___ Record excerpts ___
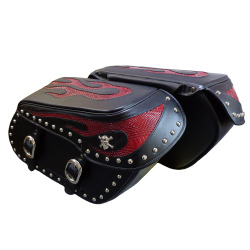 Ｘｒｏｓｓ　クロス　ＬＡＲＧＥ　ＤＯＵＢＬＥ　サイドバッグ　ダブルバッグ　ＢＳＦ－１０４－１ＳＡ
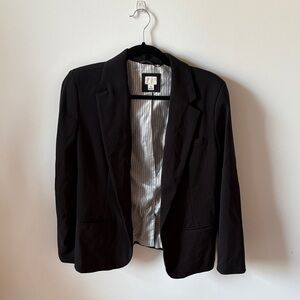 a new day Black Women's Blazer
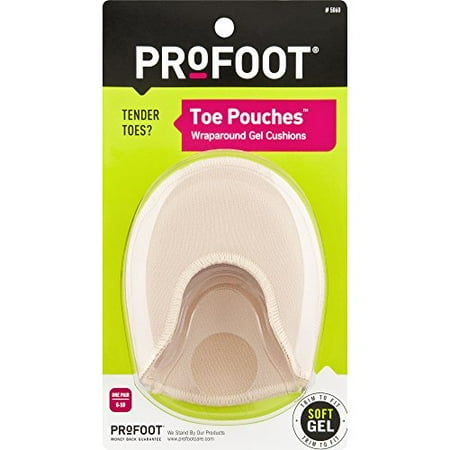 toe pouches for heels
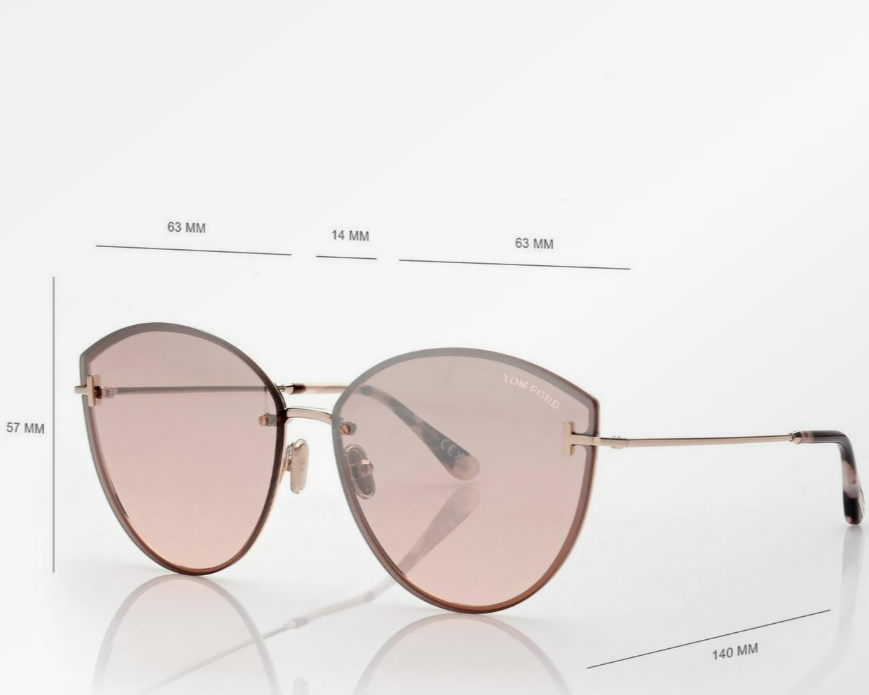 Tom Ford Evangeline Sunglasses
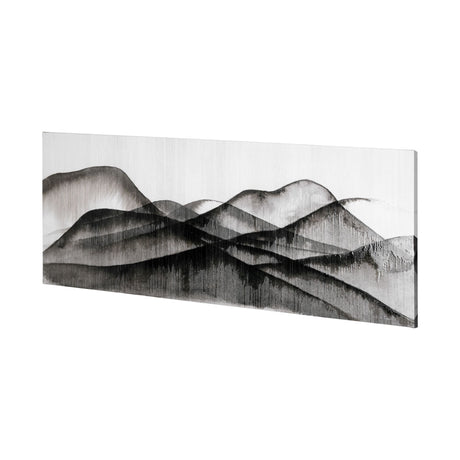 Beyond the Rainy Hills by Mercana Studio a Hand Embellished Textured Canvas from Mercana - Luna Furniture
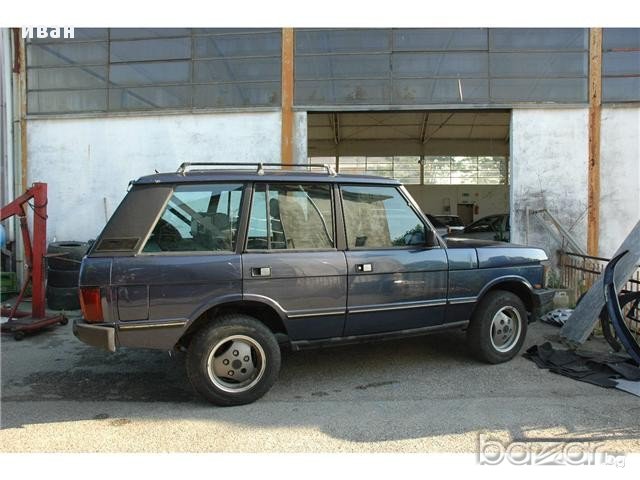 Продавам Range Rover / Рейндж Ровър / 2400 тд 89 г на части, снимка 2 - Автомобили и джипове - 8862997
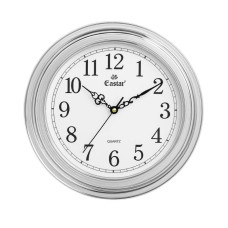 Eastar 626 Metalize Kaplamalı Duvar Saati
___
___ Record excerpts ___
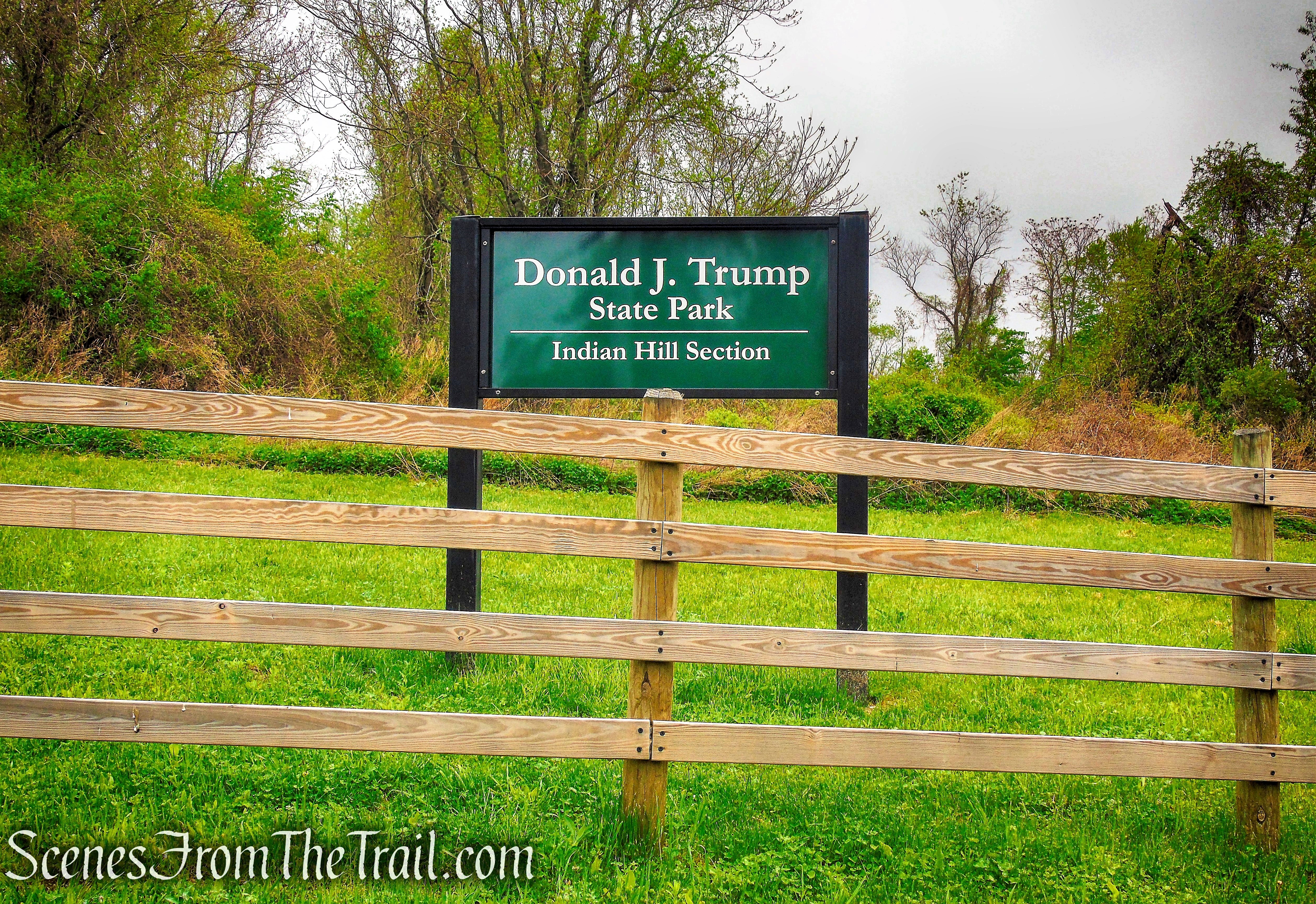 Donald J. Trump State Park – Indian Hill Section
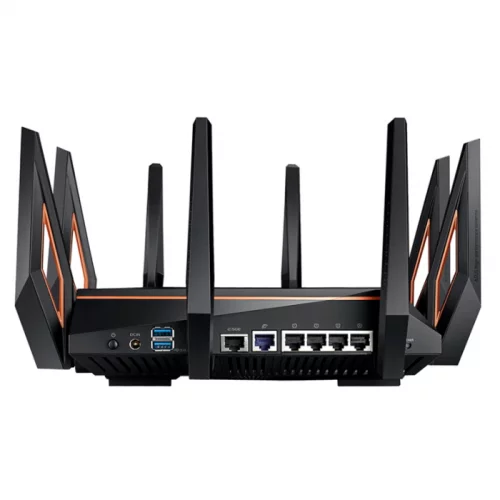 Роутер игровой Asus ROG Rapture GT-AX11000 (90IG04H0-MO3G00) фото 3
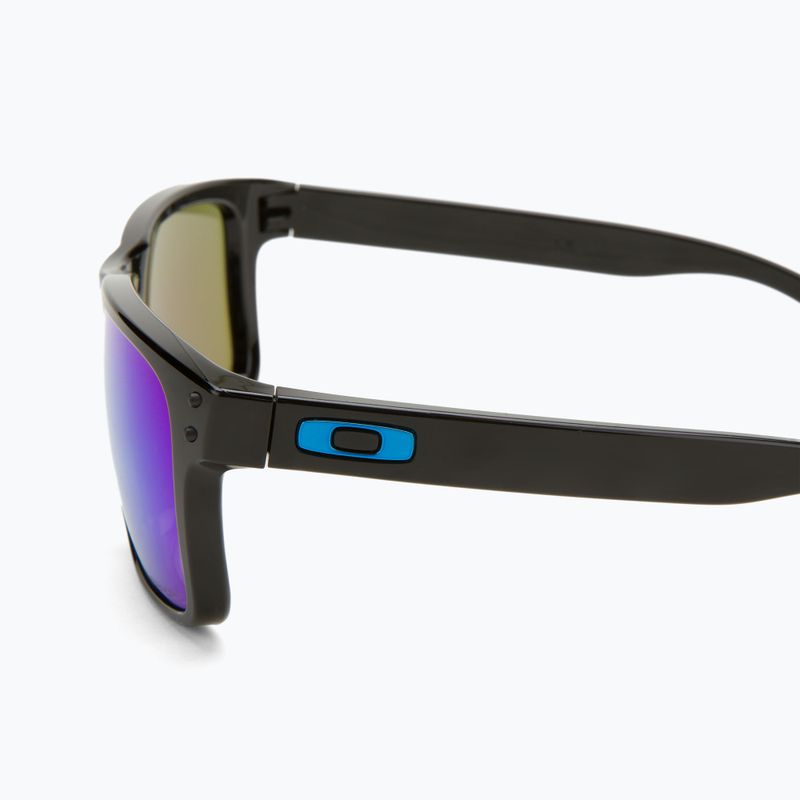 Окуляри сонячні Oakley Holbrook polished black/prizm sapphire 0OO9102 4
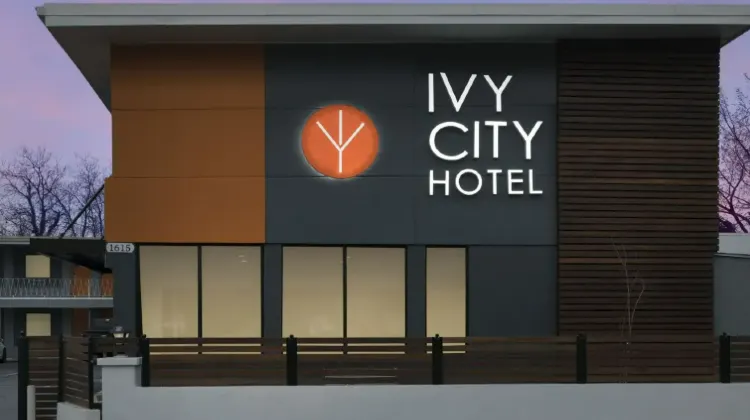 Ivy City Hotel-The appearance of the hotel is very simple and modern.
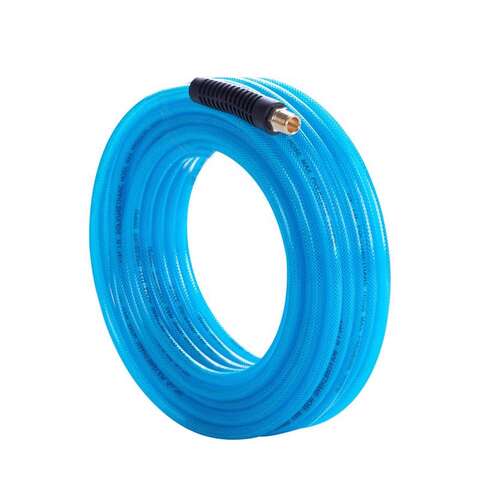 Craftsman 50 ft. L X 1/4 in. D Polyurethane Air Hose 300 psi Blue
___
Exercise objective
In the entries above, which lines run from the one with "toe pouches for heels" up to and including the one with "Eastar 626 Metalize Kaplamalı Duvar Saati"? Write them out exactly, without the pictures.

Answer space
 toe pouches for heels
 Tom Ford Evangeline Sunglasses
 Beyond the Rainy Hills by Mercana Studio a Hand Embellished Textured Canvas from Mercana - Luna Furniture
 Продавам Range Rover / Рейндж Ровър / 2400 тд 89 г на части, снимка 2 - Автомобили и джипове - 8862997
 Eastar 626 Metalize Kaplamalı Duvar Saati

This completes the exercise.